In Virginia, recent amendments set a sliding scale for the bond based on the size of the club -- but the top amount is still only $50,000, Zipperer said. Clubs selling only short-term memberships are exempt.

The D.C. City Council also recently passed legislation requiring health spas to post a $50,000 bond, several months after more than 400 customers were left in the lurch when the Congressional Fitness Center closed in late 1983.

D.C. consumer officials had reviewed and approved its finances only six months before -- just one sign that governmental diligence won't keep all clubs from closing, experts say. In fact, bonding requirements may have unpleasant side effects, especially for undercapitalized clubs.

"The smaller owners apparently can't cope with the bonding provisions the states are passing," said Jimmy D. Johnson, president of the Association of Physical Fitness Centers. "We're seeing bonding bills passed, and we're seeing people go out of business as a result."

Analyst Harold Vogel, vice president of Merrill Lynch Capital Markets Inc., said the bonding requirements actually may be enhancing the trend toward concentration. "It's always the person who has the most capital who can meet the requirements."

And Stevens of Spa Lady says his company supported the requirements when they were being debated in state legislatures, and that Holiday did not work to oppose them, as some smaller spas did.

Berns said it was unlikely that in Maryland, at least, bonding requirements were putting health clubs out of business. They can get out of the requirement entirely if they collect money every three months or less often, and the state has permitted smaller clubs to post bonds of less than $50,000. Nor is the actual cash outlay involved in posting a bond very large for a club that is financially sound, Berns said.

Cash management is a problem throughout the industry, not just at the smaller spas. Holiday, for example, keeps a reserve fund related to the number of new members it signs up, but has trouble with renewals.

The prospectus for a new bond offering says that 83 percent of the company's operating revenue in 1984 came from new memberships and only 5 percent from renewals.

"Accordingly, the success of the company's operations is dependent on its ability to attract new members on a continual basis," the prospectus says.

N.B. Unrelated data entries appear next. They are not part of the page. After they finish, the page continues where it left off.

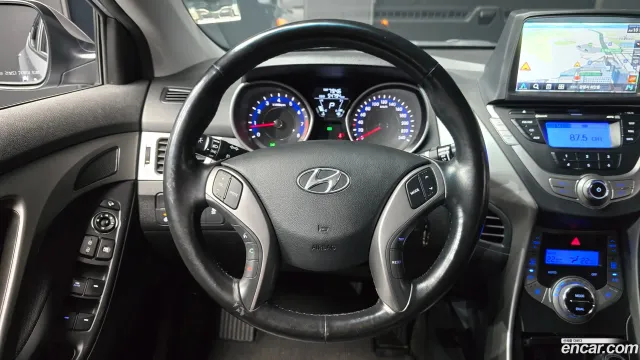 Hyundai Elantra (Avante)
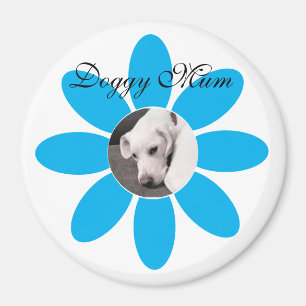 Foto på Cute Puppy Hund i Blå Flower Ram Magnet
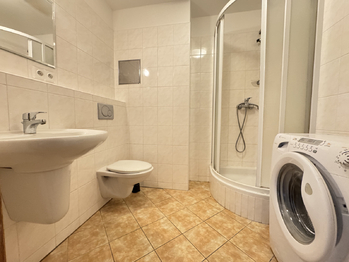 Pronájem bytu 1+kk v osobním vlastnictví 33 m², Praha 7 - Holešovice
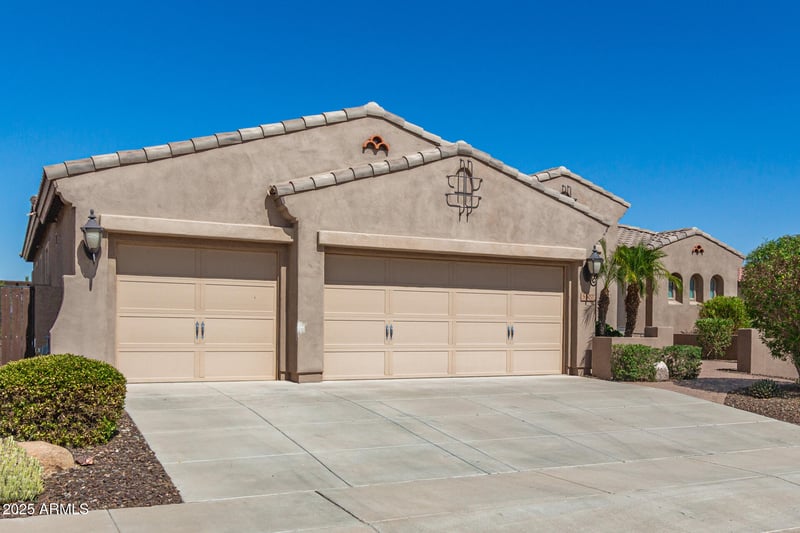 5107 194th Dr, Litchfield Park, AZ 85340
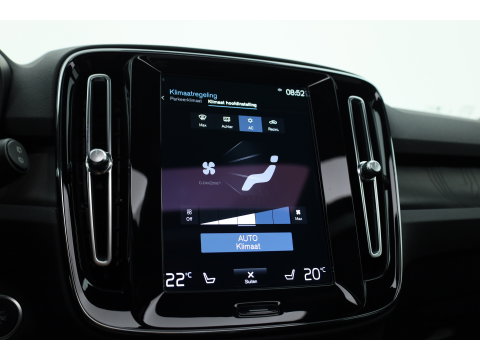 Volvo XC40 1.5 T4 Plug-in hybrid Ultimate Bright | Pano-dak | 360 camera | Adap. Cruise |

That message can be seen on the bulletin boards of health clubs all over the metropolitan area: Attracting customers is the way to succeed, and failing to do so can lead to disaster. Many clubs offer prizes for customer referrals, low prices for renewals and "sales" to attract new customers.

They rely heavily on word-of-mouth: Spa Lady telephones customers who haven't been showing up lately to encourage them to keep coming in.

"The more people who use the facility, that's advertising," said Susan Charles, area supervisor for four Spa Lady clubs.

Media advertising is crucial as well. Holiday uses such healthy celebrities as Brooke Shields, Cher, Joe Theismann and Victoria Principal in television advertising to attract members; Spa Lady's new "Gotta Move" radio promotion is aired on local stations.

Does all that make customers think they can pay a few dollars and transform themselves into Brooke Shields or Arnold Schwarzenegger (another Holiday celeb)?

Most club owners say they sell life style and mood, not just muscles -- but they deny that they promise too much.

"It's like going to a theater," said Stevens. "It's an escape, if the facilities are being run properly."